Remember guys, no such thing as the hot hand or clutch shooting.
posted by cashman at 8:33 PM on May 26, 2011


Maybe not, Cashman, but I think subjecting such things to the obvious tests misses the point of the concepts. There's definitely choke shooting, and we can make some sense of that. We know that some players fold under pressure more than others. If I define "clutch shooting" as being the most impervious to that pressure, does that make the idea more legitimate?

Similarly, while we can look logically (and perhaps even empirically) discredit the idea that a "hot hand" will keep producing, it's harder to arrange a test that looks at those who allowed a particular set of players to keep their rhythm going for success versus those who changed up the field while things were still going well.

Just saying that they might not be fallacies, so much as they aren't fully understood.
posted by Navelgazer at 8:47 PM on May 26, 2011


I was being completely sarcastic, given what happened last night.
posted by cashman at 6:02 AM on May 27, 2011 [1 favorite]


I got it man.
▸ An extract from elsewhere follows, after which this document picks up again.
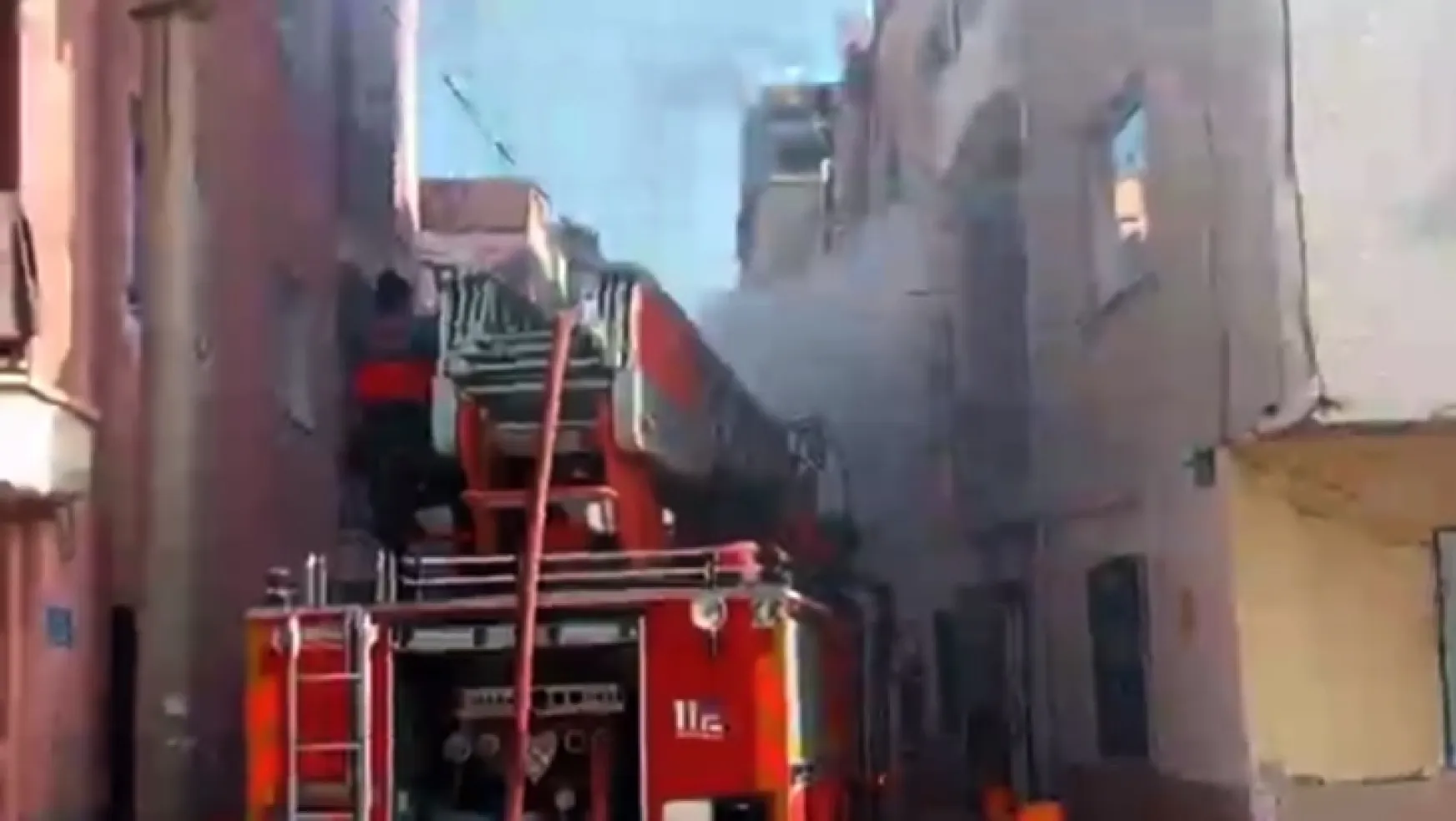 Turgutlu'da Ev Yangını: 2'si Çocuk 6 Kişi Hastaneye Kaldırıldı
And yeah, consider my point made. In the playoffs everything but the last 5 minutes is practice. And then you'd better hope for something more substantial than high percentage shots. And once again in the final seconds Rose crossed over again and again trying to get free but they just swarmed him and stayed high. Brutal to watch really, like seeing a bunch of ants kill a wasp.
posted by Potomac Avenue at 6:10 AM on May 27, 2011


as a celtics fan who watched ray allen go like 15-17, then 0-18 from range last year during the playoffs i refuse to believe players don't get hot and cold. i don't care what the stats nerds say.

shooting basketballs is not flipping coins.

to switch sports, some days a pitcher's curve is biting and his fastball pops. some days not.

refuse to believe it.
posted by nathancaswell at 6:20 AM on May 27, 2011 [1 favorite]


also, see bird in the "finger point" 3 point contest... just use your eyes. he found his rhythm.
posted by nathancaswell at 6:22 AM on May 27, 2011


There is such a thing as a hot hand in basketball. I saw the wikipedia article and I've seen posts by the awesome neuro blog The Frontal Cortex, but their methods are too simple, and don't take in to account the ton of things you'd need to. Clutch shooting and having a hot hand - not the same thing, but I think both exist.

airball!
posted by srboisvert at 10:26 AM on May 27, 2011


Miami is winning because of defense, especially LeBron's. Bron-bron is the greatest athlete to ever play the game, and his offense is a study in how athleticism can trump good basketball decision-making. He dicks around on O most of the game, still gets his points because he's unbelievably good, then buckles down in the 4th and is virtually unstoppable. And all along, he's playing the best D of his life. He guarded Derrick Rose like a champ, and guess what--he'll do the same to 7' Dirk Nowitzki in the Finals.

When all is said and done, LBJ will be the only legitimate contender for Jordan's GOAT crown.

Until Greg Oden breaks out, of course...
posted by Joseph Gurl at 5:49 PM on May 26 [+] [!]


Or not...
posted by erikgrande at 10:29 PM on June 12, 2011


In the playoffs everything but the last 5 minutes is practice.

I would bet that 100% of the teams up by 25 points or more with 5 minutes left in the NBA playoffs have gone on to win those games.

When all is said and done, LBJ will be the only legitimate contender for Jordan's GOAT crown.

The problem being that it's apples and oranges. Kobe Bryant is already objectively a better player than Jordan was. The NBA is much more skilled now than it was in the 80s and 90s, just as the 80s and 90s were much more skilled than the 60s and 70s.

There is a flattening of the improvement curve as the game ages so that rule changes and other tweaks affect the game more (see baseball), but basketball is still rising pretty steadily in terms of quality of play, I think.

I would guess that Lebron has missed his window of opportunity. He's already 27 or so. He could win a championship or two, but he'll never be considered the GOAT, despite perhaps having the greatest promise. Kobe just needs one more to make a pretty good case.